• [Try it] Give back exactly the lines of the material below, starting with the line with "Kenny Chesney - Coastal" and going on through the line with "SPARK CSM 45 Semi-professional chainsaw".

• [Records supplied]

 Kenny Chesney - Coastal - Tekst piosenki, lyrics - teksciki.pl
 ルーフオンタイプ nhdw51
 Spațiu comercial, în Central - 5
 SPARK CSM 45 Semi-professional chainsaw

==

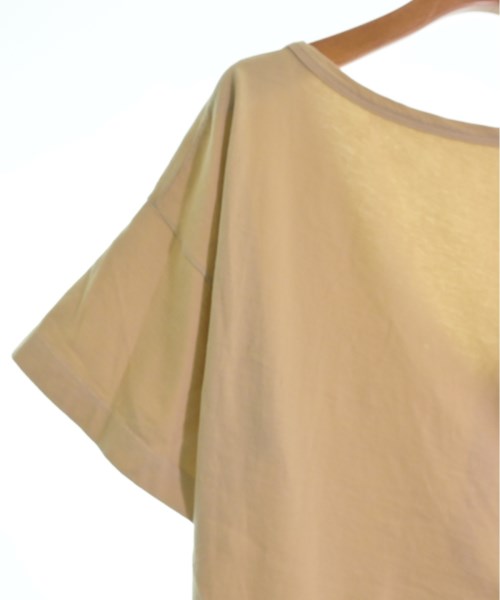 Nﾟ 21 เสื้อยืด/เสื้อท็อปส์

• [Result of the exercise]
 Kenny Chesney - Coastal - Tekst piosenki, lyrics - teksciki.pl
 ルーフオンタイプ nhdw51
 Spațiu comercial, în Central - 5
 SPARK CSM 45 Semi-professional chainsaw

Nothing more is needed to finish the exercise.